Exercise input:
——

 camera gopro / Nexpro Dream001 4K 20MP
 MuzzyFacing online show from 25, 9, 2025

——

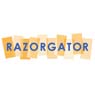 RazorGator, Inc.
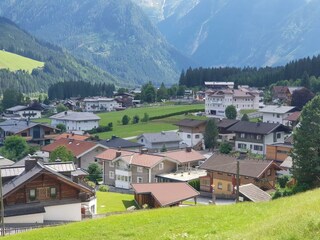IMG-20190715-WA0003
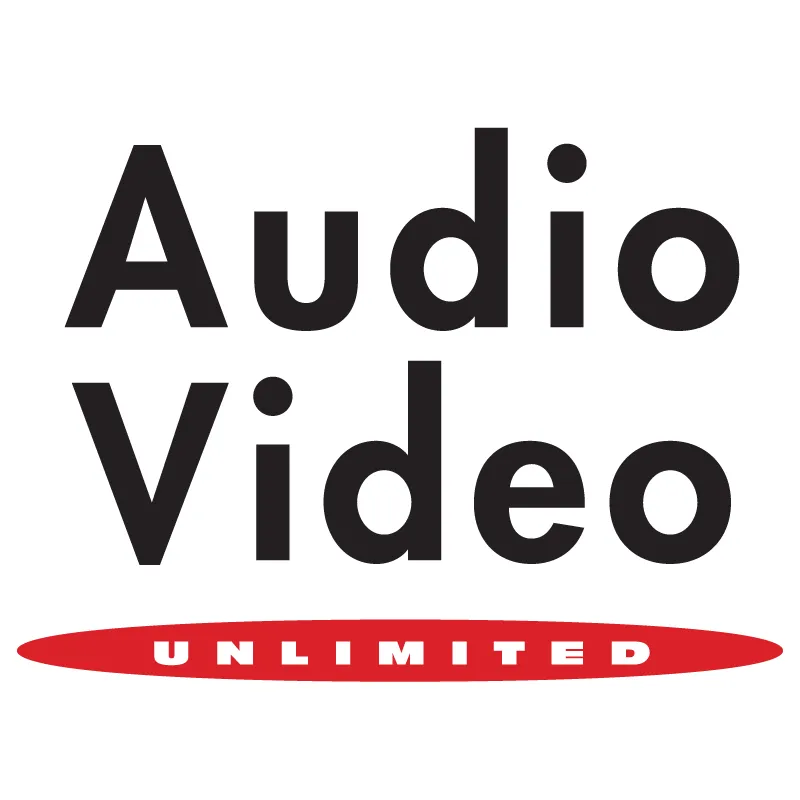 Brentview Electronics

——

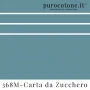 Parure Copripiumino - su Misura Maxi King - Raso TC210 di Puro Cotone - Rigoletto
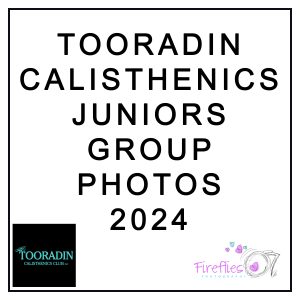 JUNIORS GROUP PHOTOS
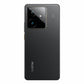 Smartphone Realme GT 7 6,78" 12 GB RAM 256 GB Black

——

Problem to solve: Retype only the lines above from the one with "Parure Copripiumino - su" through the one with "Smartphone Realme GT", exactly and with both ends. Images stay out.

Answer for this exercise:
 Parure Copripiumino - su Misura Maxi King - Raso TC210 di Puro Cotone - Rigoletto
 JUNIORS GROUP PHOTOS
 Smartphone Realme GT 7 6,78" 12 GB RAM 256 GB Black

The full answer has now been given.